## ACTIVITY
Give an exact reproduction of the lines from the one with "An apron featuring" to the final line of the entries below, both ends included, and omit the pictures.

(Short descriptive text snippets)
□ □ □

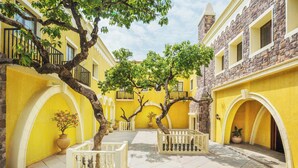 Un patio con paredes amarillas, barandillas blancas y un árbol en el centro.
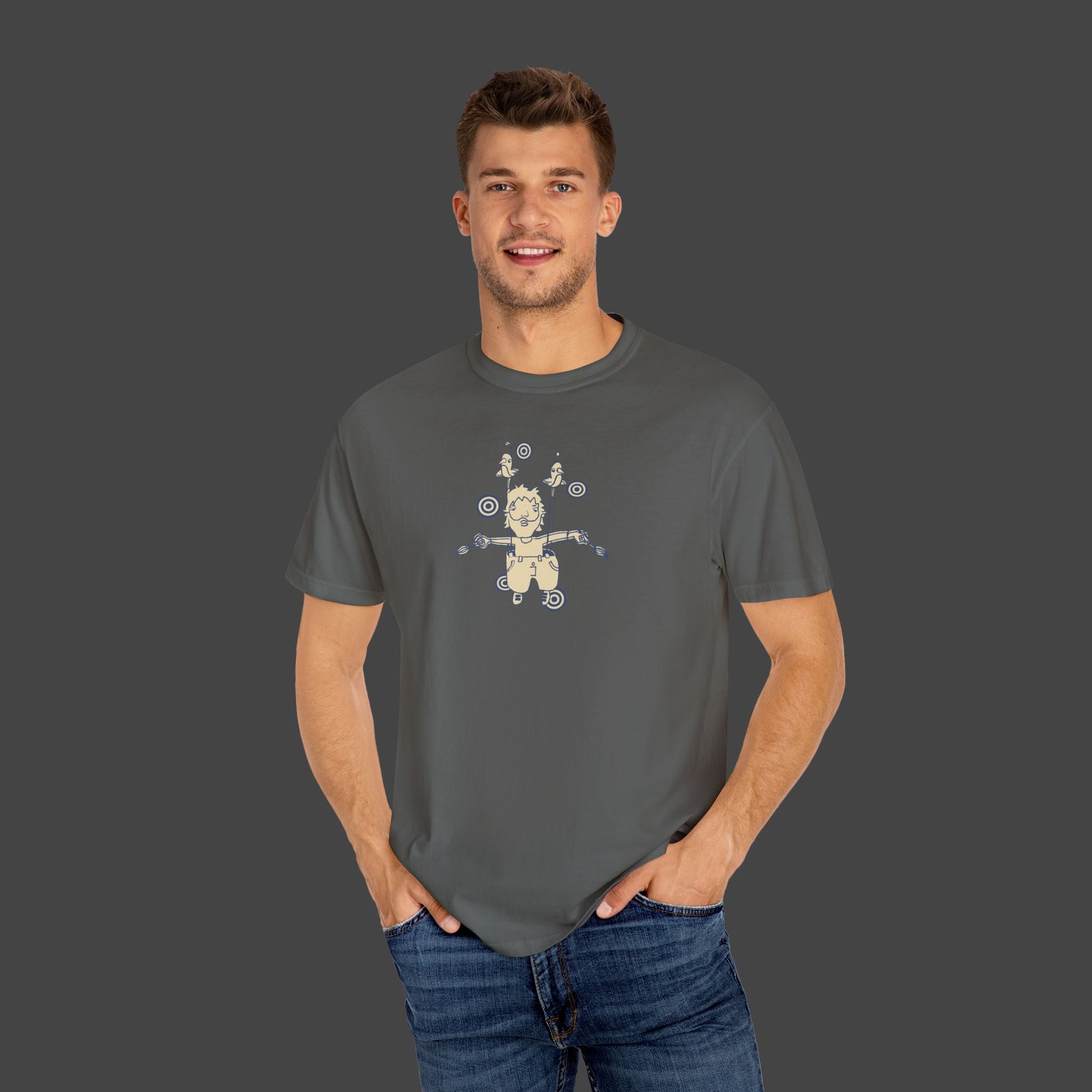 A man smiles with hands in pockets, wearing “The Day I Learned to Fly” unisex T-shirt by Jarrod Eastman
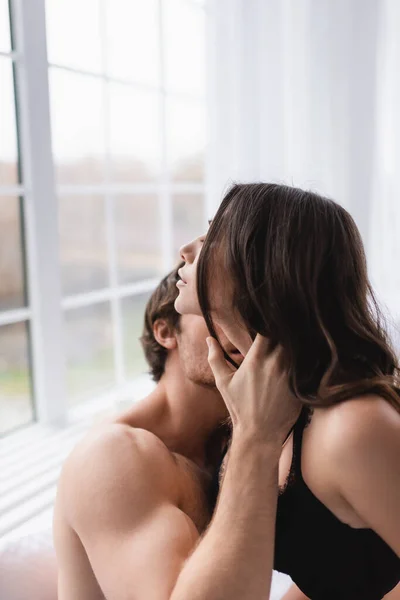 Muscular Man Kissing Girlfriend Bra Bedroom — Stock Photo, Image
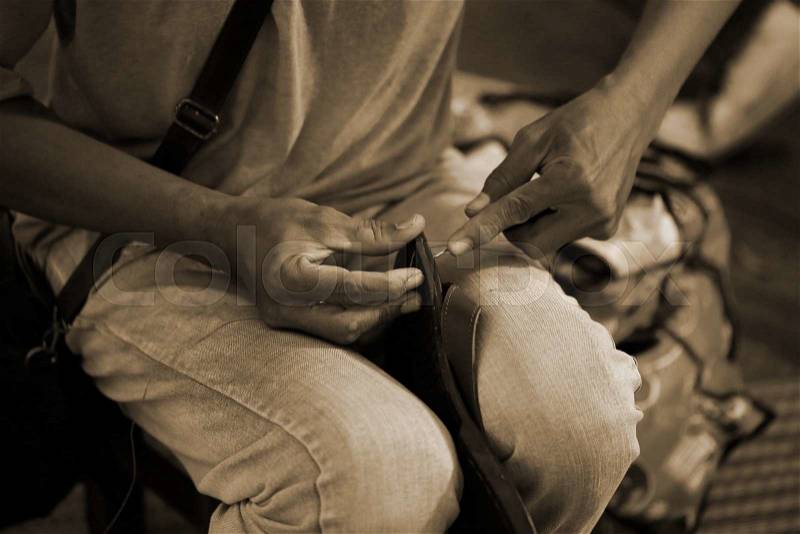 Man hand sewing leather shoe, stock photo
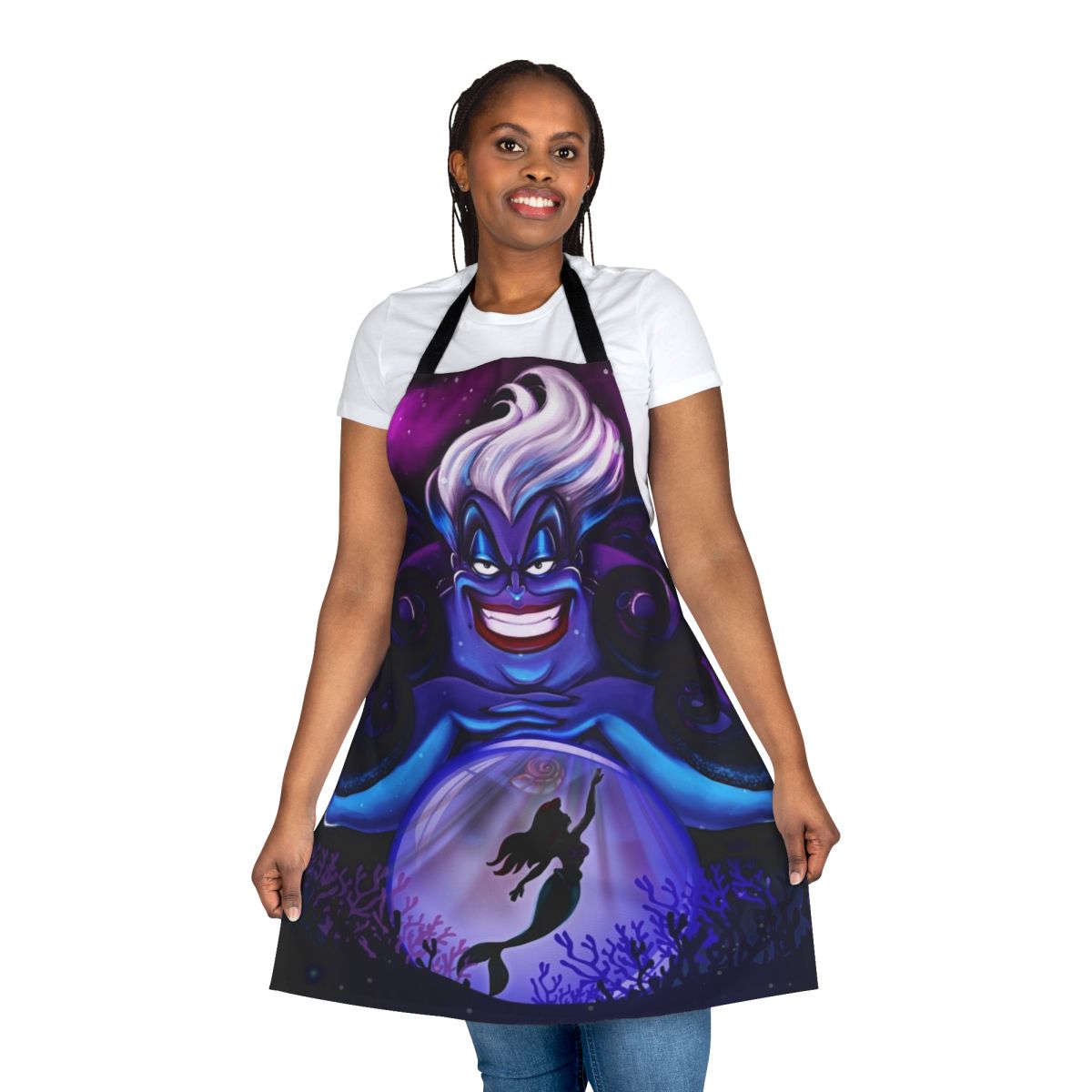 An apron featuring Ursula, the sea witch from Disney's The Little Mermaid, with her iconic crystal ball and ocean-themed design.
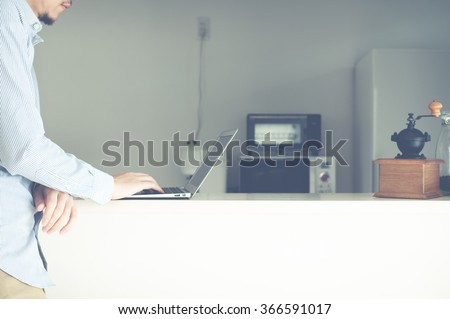 Counter kitchen,Men use the personal computer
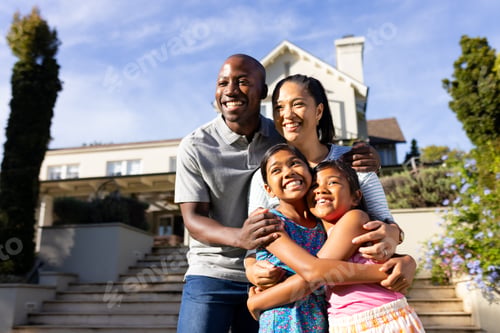 Preview: Outdoors, happy biracial family of four is smiling and hugging outside their home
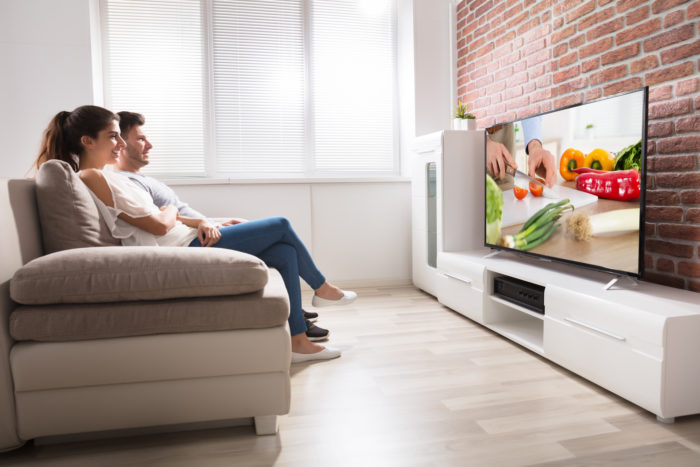 couple watching samsung plasma tv
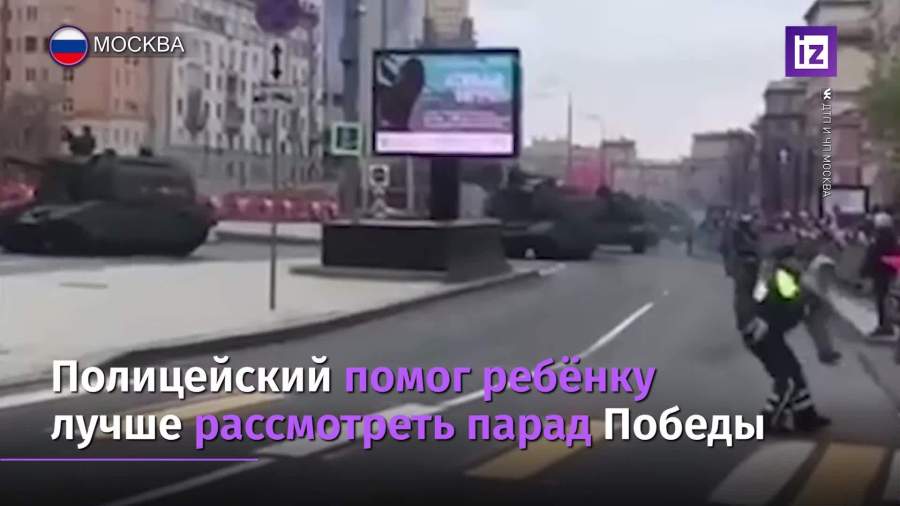 Полицейский взял на руки мальчика, чтобы тот посмотрел парад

□ □ □

## SOLUTION FOR THIS PROBLEM
 An apron featuring Ursula, the sea witch from Disney's The Little Mermaid, with her iconic crystal ball and ocean-themed design.
 Counter kitchen,Men use the personal computer
 Preview: Outdoors, happy biracial family of four is smiling and hugging outside their home
 couple watching samsung plasma tv
 Полицейский взял на руки мальчика, чтобы тот посмотрел парад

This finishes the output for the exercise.